Stratton, 770 F.3d at 447. The court reasoned that a party's right to collect statutory interest is forever extinguished once it agrees to collect an interest rate specified by the terms of its contract. Thus, if a creditor has waived its right to collect interest at the contractually agreed upon rate, its assignee can never resurrect the right to collect interest at the statutory rate.

Furthermore, the federal circuit court concluded that an attempt to collect statutory interest under these circumstances could, in fact, constitute a violation of the FDCPA as amounting to an unfair or deceptive practice. While we agree with Unifund that not every violation of state law can be converted to a federal claim under the provisions of the FDCPA, we are persuaded by the federal circuit court's conclusion that a false representation included in the allegations of a debt collector's complaint can be actionable. Where Unifund alleged that Harrell owed interest that had been waived under principles of contract law and statutory construction, we conclude that it is not entitled to a summary dismissal of her claim that it violated provisions of the FDCPA.

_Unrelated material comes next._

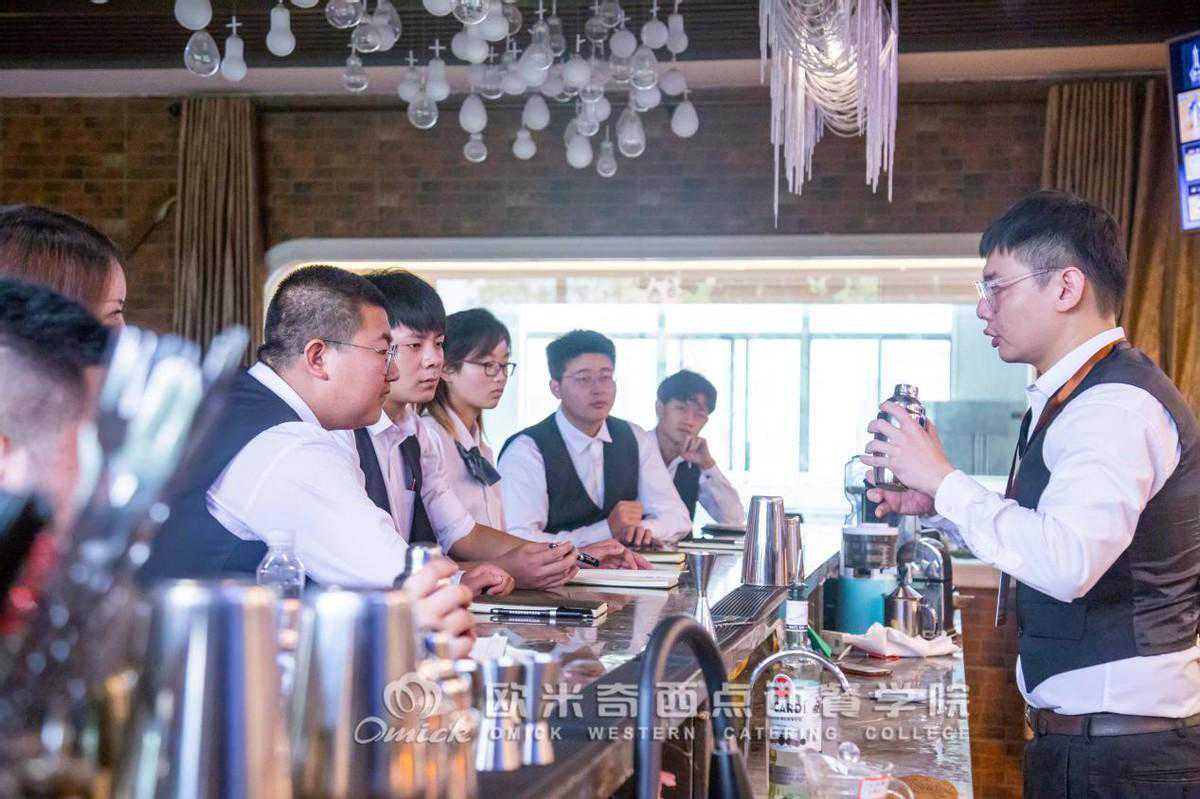 学调酒自学好吗？还是去实体店或者培训学校学习？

We are mindful of Embs v. Pepsi-Cola Bottling Company of Lexington, Kentucky, Inc., 528 S.W.2d 703 (Ky.1975), which holds that a state court is not bound by the holding of a federal court that construes state law in the course of a diversity action. However, we are persuaded that the sound reasoning of the Stratton court does not supplant but properly comports with the statutory language of KRS 360.010(1). Nothing in Kentucky's statute — by specific language, implication, or innuendo — contravenes the purpose and spirit of the Fair Debt Collection Practices Act.

We vacate the Nelson Circuit Court's order dismissing. This matter is remanded for further proceedings.

CAPERTON, JUDGE, CONCURS.

VANMETER, JUDGE, DISSENTS.

FootNotes


1. Judge Caperton concurred in this opinion prior to Judge Debra Lambert being sworn in on January 5, 2015, as Judge of Division 1, Third Appellate District. Release of this opinion was delayed by administrative handling.